Hoe belangrijk is het dat een adviseur weet waarmee de dga zich bezighoudt, en dus een dag meeloopt met de laarzen aan? 
‘Dat is zeker van belang én nog leuk ook. Als je weet en begrijpt wat zijn business is en wat hem bezighoudt, dan zie je veel beter met welke fiscale vraagstukken hij te maken heeft. Heb je geen klik met de klant, en zeker met de dga bij wie ook privézaken spelen, dan is dat heel lastig.’ 

Wat was voor u de reden om in de dga-praktijk te stappen? 
‘Enerzijds de breedte van de wetgeving. Anderzijds: je kunt bij bedrijven in de keuken kijken waar je zelf weleens komt. Mooi als er een naam op de gevel staat van een beursgenoteerde onderneming, maar ook mooi als je met de ondernemer spreekt bij wie je bij wijze van spreken boodschappen doet. Dat geeft een heel eigen dynamiek. Je spreekt met de dga niet alleen over het bedrijf, maar ook over zijn beweegredenen en familieaangelegenheden.’ 

U spreekt over de breedte van de dga-regelgeving. Dat moeten adviseurs wel allemaal bijhouden. 
‘Alles weten, dat lukt bijna niemand meer. Primair haal je uit de gesprekken de fiscale kwestie en die koppel je eventueel terug naar de specialisten op je kantoor of in je netwerk. Het hoeft overigens niet zo te zijn dat bij de dga altijd ingewikkelde zaken spelen. De complexiteit neemt wel toe als het bedrijf groeit, de familie groter wordt en er meer vermogen is. Het is fijn om op specialisten te kunnen terugvallen, maar de basis moet je wel onder de knie hebben.’ 

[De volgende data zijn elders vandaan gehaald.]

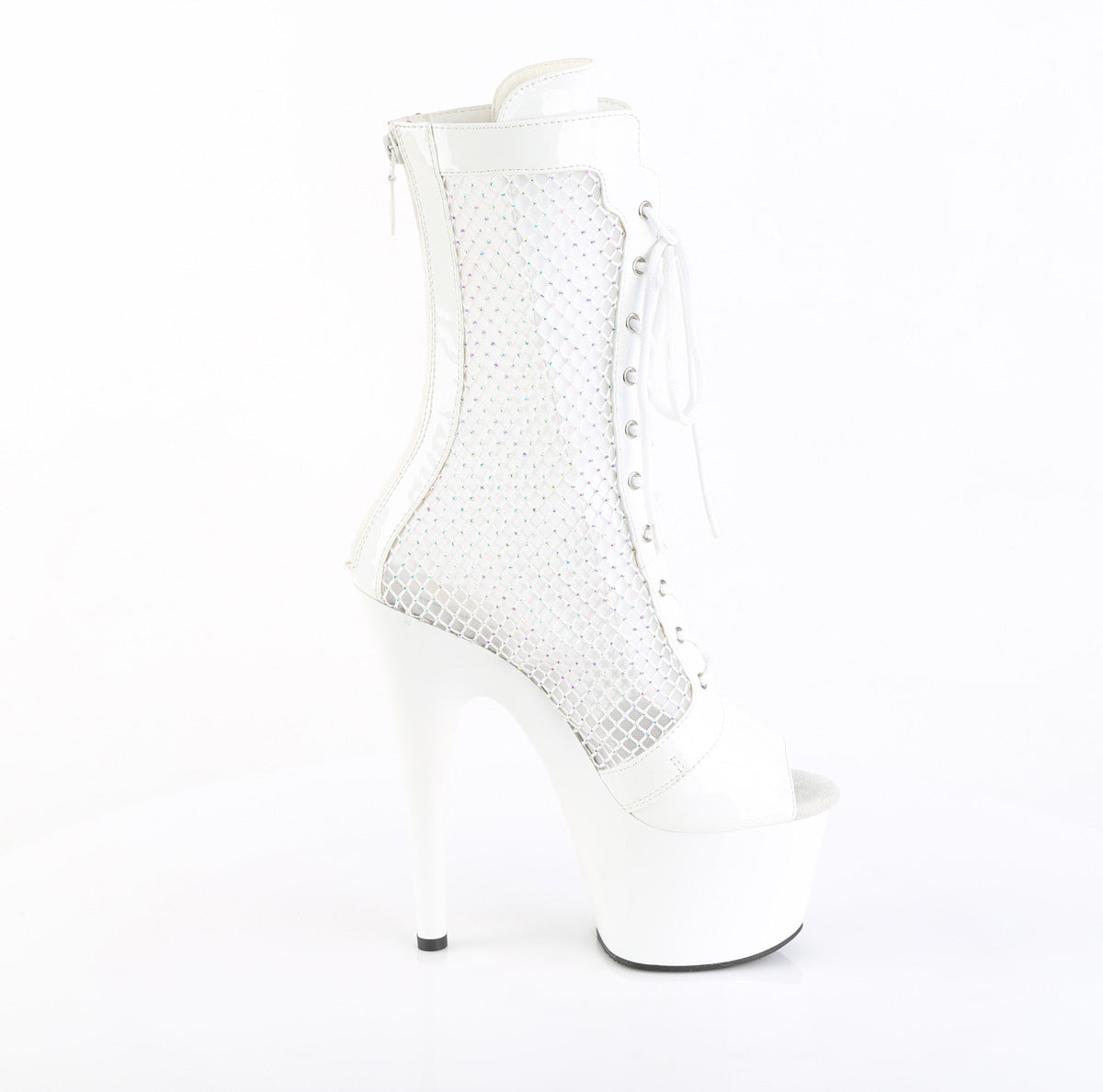 Adore-1048RSNT White Peep Toe Mesh Platform Boots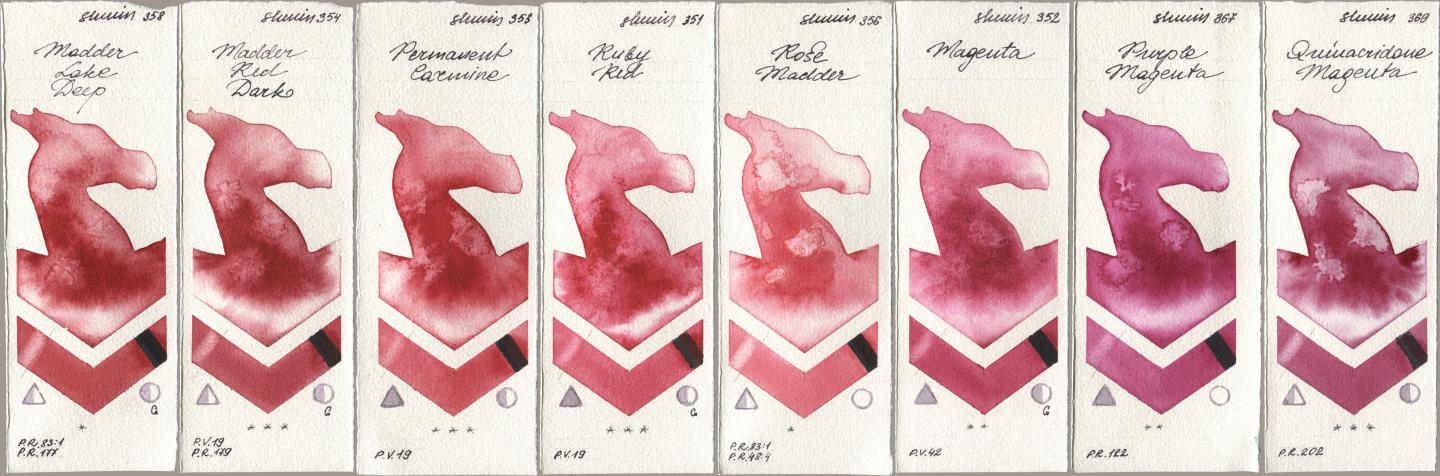 Shminke Horadam Aquarell 358 Madder Lake Deep, 354 Madder Red Dark, 353 Permanent Carmine, 351 Ruby Red, 356 Rose Madder, 352 Magenta, 367 Purple Magenta, 369 Quinacridone Magen watercolor swatch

Wat wilt u de dga nog meegeven? 
‘Bespreek met de adviseur vooral wat je dagelijks bezighoudt. Die ontdekt dan de juiste fiscale positie. Vertel ook over de toekomst, maar dat is niet altijd even makkelijk. Ondernemers, bedrijfsopvolging, testamenten – dat is niet altijd een goede match. Maak het toch bespreekbaar.’ 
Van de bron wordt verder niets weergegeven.